3. Delay Damages Mr. Holstead also testified that CJ had incurred what he described as “extended general conditions/salaries” in the amount of $231,362 as a result of construction delays. Under construction law, “delay damages” refer to damages “arising out of delayed completion, suspension, acceleration or disrupted performance,” and these damages compensate the contracting party that is injured when a project takes longer than the construction contract specified. Cnty. of Galveston v. Triple B Servs., LLP, 498 S.W.3d 176, 181 (Tex. App. — Houston [1st Dist.] 2016) (quoting Phillip J. Bruner & Patrick J. O'Connor, 5 Construction Law §
15:29 (2002)); see Green Intern., Inc. v. Solis, 951 S.W.2d 384, 393 (Tex. 1997) (referring to delay damages as “a term of art in the construction industry referring to compensable damage from a delay that could have been avoided by due care”). A plaintiff seeking money damages for delay has the burden of proving that the delays actually caused the plaintiff’s money damages. City of Beaumont v. Excavators & Constructors, Inc., 870 S.W.2d 123, 131-32 (Tex. App.— Beaumont 1993). “Broad generalities and inferences to the effect that defendants must have caused some delay and damage because the contract took 318 days longer to complete than anticipated are not sufficient.” Id. at 132 (quoting Wunderlich Contracting Co. v. United States, 351 F.2d 956 (Ct. Cl. 1965)).

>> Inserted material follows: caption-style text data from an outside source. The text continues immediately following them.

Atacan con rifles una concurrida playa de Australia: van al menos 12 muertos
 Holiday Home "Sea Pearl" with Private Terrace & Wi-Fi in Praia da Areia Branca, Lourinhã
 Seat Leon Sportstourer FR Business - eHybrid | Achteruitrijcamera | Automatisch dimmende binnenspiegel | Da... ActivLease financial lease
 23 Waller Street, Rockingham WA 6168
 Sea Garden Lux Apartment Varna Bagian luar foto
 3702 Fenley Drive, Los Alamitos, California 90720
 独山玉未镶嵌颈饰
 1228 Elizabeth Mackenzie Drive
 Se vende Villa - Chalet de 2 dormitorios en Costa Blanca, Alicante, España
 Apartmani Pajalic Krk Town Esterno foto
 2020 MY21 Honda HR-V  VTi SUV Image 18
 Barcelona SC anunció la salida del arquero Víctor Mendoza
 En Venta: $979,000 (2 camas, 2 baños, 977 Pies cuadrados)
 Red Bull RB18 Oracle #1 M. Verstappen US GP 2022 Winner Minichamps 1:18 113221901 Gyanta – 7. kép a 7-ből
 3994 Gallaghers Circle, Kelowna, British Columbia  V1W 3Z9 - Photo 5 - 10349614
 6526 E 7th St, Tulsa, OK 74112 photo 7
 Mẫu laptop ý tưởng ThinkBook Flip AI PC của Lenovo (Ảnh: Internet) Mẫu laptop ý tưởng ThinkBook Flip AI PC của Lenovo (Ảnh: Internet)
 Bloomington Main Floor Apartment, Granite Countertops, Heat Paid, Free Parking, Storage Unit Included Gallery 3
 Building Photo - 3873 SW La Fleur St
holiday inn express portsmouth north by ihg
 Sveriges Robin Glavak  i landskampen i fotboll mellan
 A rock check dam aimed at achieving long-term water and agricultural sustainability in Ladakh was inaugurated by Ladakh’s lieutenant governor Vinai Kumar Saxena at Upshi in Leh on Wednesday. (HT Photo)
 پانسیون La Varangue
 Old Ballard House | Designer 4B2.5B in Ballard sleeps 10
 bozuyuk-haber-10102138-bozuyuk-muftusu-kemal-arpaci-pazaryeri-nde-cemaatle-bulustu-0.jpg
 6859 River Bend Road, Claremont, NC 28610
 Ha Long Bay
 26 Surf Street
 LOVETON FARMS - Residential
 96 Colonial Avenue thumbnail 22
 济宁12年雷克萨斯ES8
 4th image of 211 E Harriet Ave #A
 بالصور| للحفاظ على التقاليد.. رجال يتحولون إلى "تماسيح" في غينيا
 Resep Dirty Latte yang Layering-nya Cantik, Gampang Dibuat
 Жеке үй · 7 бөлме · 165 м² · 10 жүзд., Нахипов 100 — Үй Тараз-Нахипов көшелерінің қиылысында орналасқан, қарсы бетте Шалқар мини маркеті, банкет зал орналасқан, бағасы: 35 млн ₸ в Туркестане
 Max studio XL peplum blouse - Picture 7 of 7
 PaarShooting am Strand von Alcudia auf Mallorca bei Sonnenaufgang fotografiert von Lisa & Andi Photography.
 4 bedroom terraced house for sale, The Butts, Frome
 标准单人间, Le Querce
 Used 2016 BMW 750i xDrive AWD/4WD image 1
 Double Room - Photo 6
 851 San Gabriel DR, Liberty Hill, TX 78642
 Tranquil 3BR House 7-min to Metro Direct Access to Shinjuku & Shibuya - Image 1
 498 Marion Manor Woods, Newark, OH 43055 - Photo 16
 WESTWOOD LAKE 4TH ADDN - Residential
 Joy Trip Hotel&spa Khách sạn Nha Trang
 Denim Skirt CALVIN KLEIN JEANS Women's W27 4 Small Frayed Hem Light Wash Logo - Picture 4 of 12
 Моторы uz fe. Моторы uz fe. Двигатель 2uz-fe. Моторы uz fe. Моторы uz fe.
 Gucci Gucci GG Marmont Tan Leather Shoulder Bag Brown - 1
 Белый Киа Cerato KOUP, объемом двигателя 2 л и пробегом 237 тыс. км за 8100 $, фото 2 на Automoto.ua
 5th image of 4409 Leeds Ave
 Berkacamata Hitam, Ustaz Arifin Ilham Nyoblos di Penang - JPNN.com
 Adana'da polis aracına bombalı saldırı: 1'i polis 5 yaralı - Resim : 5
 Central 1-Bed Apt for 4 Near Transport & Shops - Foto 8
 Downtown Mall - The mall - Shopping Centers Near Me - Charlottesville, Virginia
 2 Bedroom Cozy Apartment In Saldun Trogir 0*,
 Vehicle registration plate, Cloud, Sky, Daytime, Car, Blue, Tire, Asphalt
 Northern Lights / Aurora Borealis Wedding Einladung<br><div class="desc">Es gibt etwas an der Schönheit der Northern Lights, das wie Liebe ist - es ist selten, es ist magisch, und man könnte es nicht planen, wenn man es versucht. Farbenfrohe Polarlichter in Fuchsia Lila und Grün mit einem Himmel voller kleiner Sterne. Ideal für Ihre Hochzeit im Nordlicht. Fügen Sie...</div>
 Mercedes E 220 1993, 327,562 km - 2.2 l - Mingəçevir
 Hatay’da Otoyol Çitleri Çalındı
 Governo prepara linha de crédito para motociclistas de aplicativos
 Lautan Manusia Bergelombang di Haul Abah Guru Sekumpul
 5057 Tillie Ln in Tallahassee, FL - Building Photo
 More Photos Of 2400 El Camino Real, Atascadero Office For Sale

Here, CJ points to the length of time between when ReyTex began snapping chalk lines in May 2019 and when CJ quit providing framing labor for the Project in August 2020. This is more than the 180 days contemplated in the subcontract between CJ and North/South, which ended in November 2019. In its closing, North/South did not dispute that the scope of work began in May 2019. It argued, however, that CJ incurred no damages as a proximate result of construction delay. The primary element of the “delay damages” asserted by CJ was an alleged salary of $227,159 for Mr. Chukwura, the sole owner, officer, and employee of CJ, from November 2019 through September 2020. This figure represented a full-time salary for Mr. Chukwura during that period. However, CJ provided no evidence that Mr. Chukwura spent 100% of every business day from November 2019 to September 2020 working on the Project. Mr. Chukwura was not stationed at the Project and did not supervise the framing work. He was more of a broker between ReyTex and North/South than a framing manager for the Project. Moreover, as Mr. Courrier testified, Mr. Holstead’s calculation of a salary for Mr. Chukwura as “delay damages”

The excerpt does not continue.